» **Problem to work on**:
Images are not part of the copy; write out the rest of the data exactly as given.

» **Material provided**:
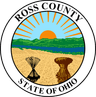 Coat of arms of Ross County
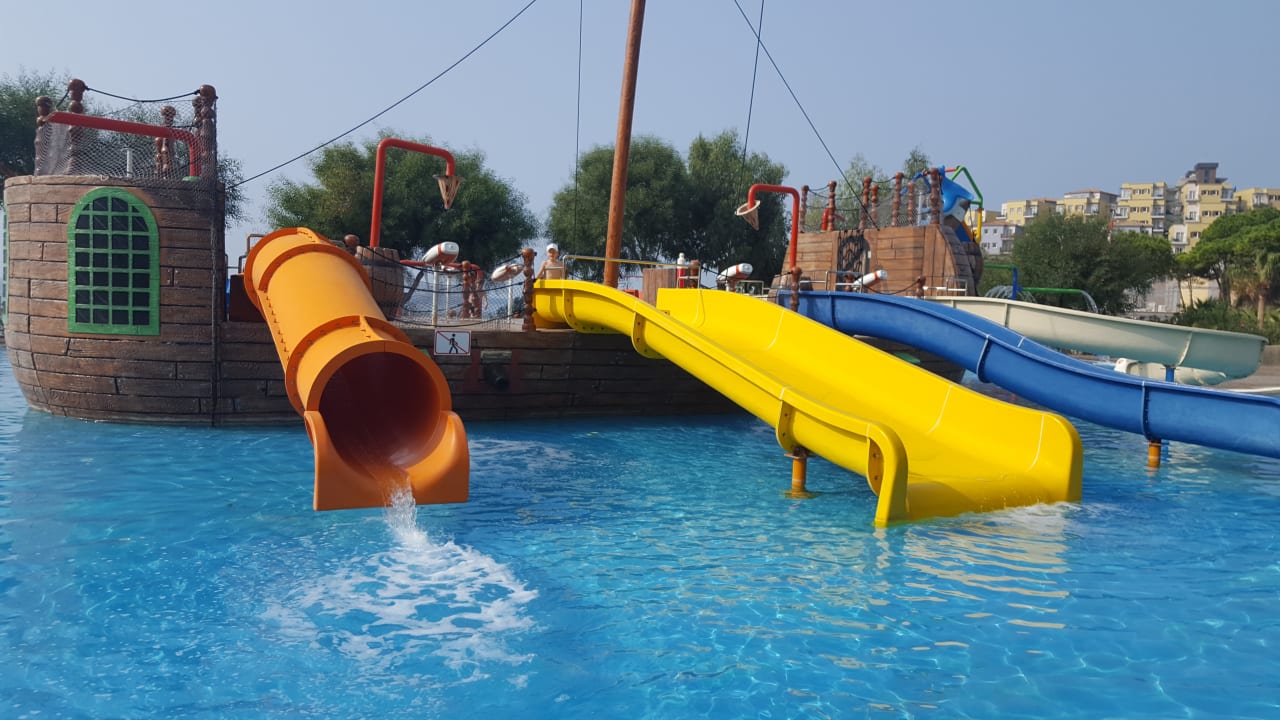 Sport & Freizeit Aria Claros Beach & Spa Resort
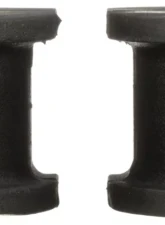 Delphi Suspension Stabilizer Bar Bushing Kit Cadillac SRX Rear 2004-2009                                     - TD4816W - Image 7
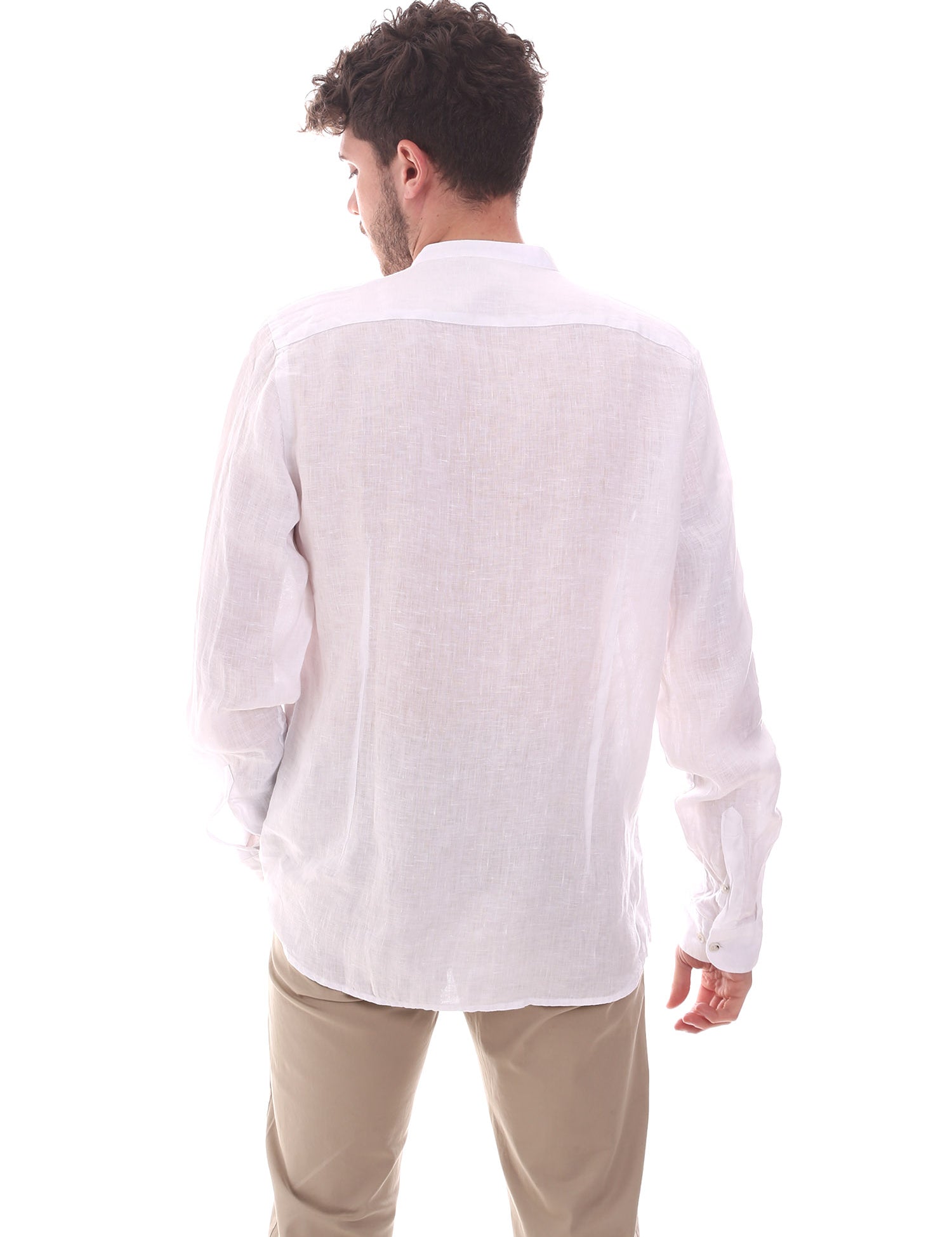 Camicie Bianco Sseinse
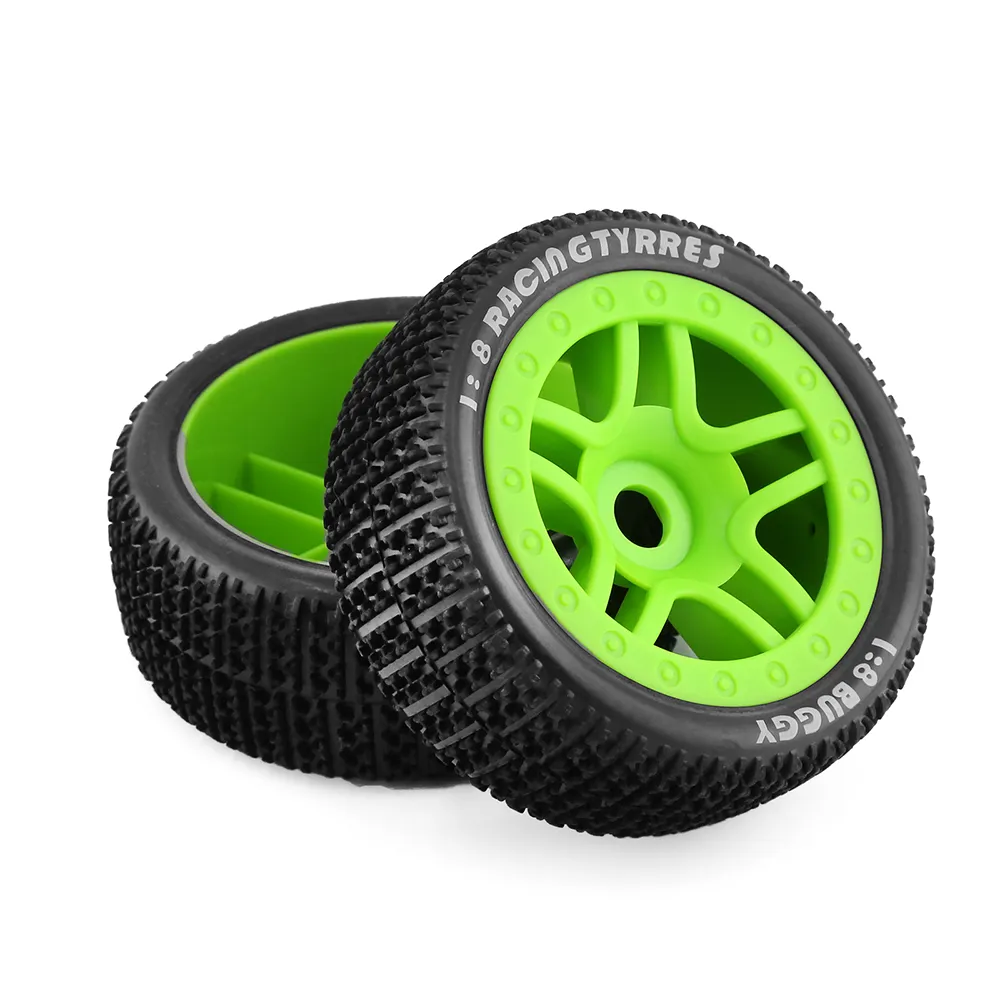 4PCS Off Road Tires Wheel 17mm Hex Hubs for 1/8 RC Racing Car ARRMA Maxx Sledge HPI HSP Kyosho ZD RC Car Parts 4PCS Off Road Tires Wheel 17mm Hex Hubs for 1/8 RC Racing Car ARRMA Maxx Sledge HPI HSP Kyosho ZD RC Car Parts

» **Answer space**:
 Coat of arms of Ross County
 Sport & Freizeit Aria Claros Beach & Spa Resort
 Delphi Suspension Stabilizer Bar Bushing Kit Cadillac SRX Rear 2004-2009                                     - TD4816W - Image 7
 Camicie Bianco Sseinse
 4PCS Off Road Tires Wheel 17mm Hex Hubs for 1/8 RC Racing Car ARRMA Maxx Sledge HPI HSP Kyosho ZD RC Car Parts 4PCS Off Road Tires Wheel 17mm Hex Hubs for 1/8 RC Racing Car ARRMA Maxx Sledge HPI HSP Kyosho ZD RC Car Parts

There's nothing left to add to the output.